### EXERCISE DATA

☆ ☆ ☆

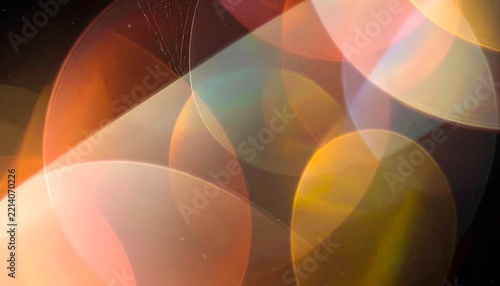 Cinematic Golden Lens Flare with Floating Dust Particles and Warm Light Leak Texture for Background Overlay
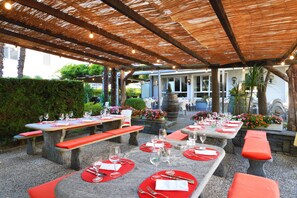Un espace de restauration en plein air avec des tables et des bancs en pierre, un toit de chaume et des plantes en pot.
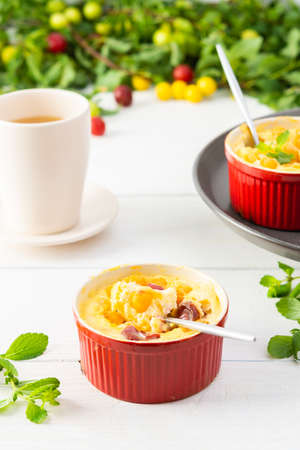 Delicious clafoutis made from white yogurt and berries, cherry plum dessert in portioned bowls on the table with a cup of juiceの写真素材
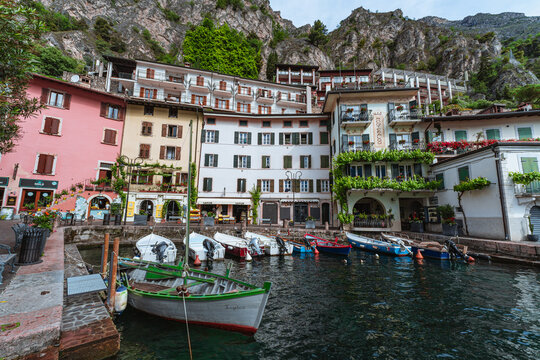 Scenic landscape of Limone sul Garda village, Lake Garda, Italy. Picturesque colorful houses and a peaceful harbor surrounded by blue waters and majestic alpine mountains. - Limone sul Garda, may 2026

☆ ☆ ☆

Leaving the pictures out, write out all the material above exactly.

 Cinematic Golden Lens Flare with Floating Dust Particles and Warm Light Leak Texture for Background Overlay
Un espace de restauration en plein air avec des tables et des bancs en pierre, un toit de chaume et des plantes en pot.
 Delicious clafoutis made from white yogurt and berries, cherry plum dessert in portioned bowls on the table with a cup of juiceの写真素材
 Scenic landscape of Limone sul Garda village, Lake Garda, Italy. Picturesque colorful houses and a peaceful harbor surrounded by blue waters and majestic alpine mountains. - Limone sul Garda, may 2026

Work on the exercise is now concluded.